> COLLECTED DATA:
####################
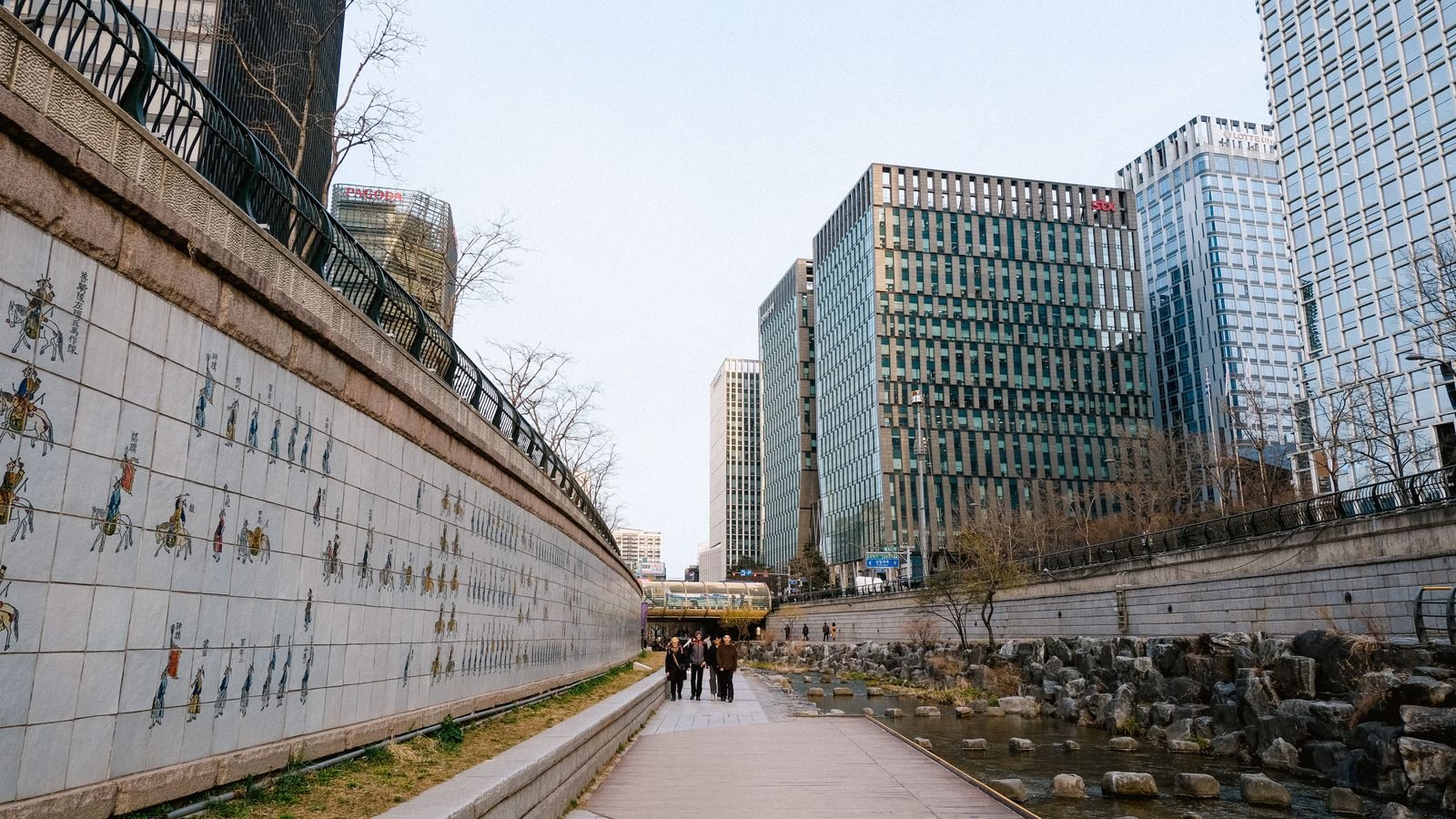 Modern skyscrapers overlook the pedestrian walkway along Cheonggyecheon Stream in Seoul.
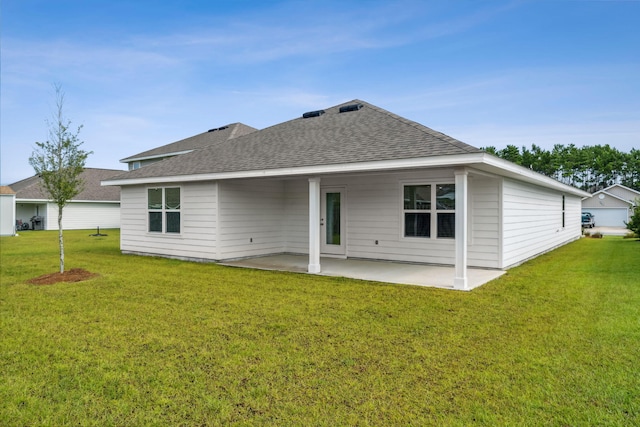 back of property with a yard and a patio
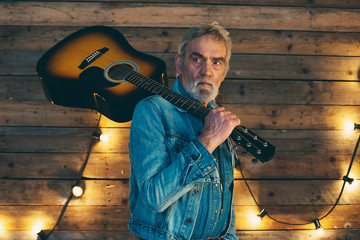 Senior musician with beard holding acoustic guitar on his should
####################
> TASK DESCRIPTION: Leave out all pictures and extract exactly the lines from the line with "back of property with a yard and a patio" through the end of the material.

> SOLUTION:
 back of property with a yard and a patio
 Senior musician with beard holding acoustic guitar on his should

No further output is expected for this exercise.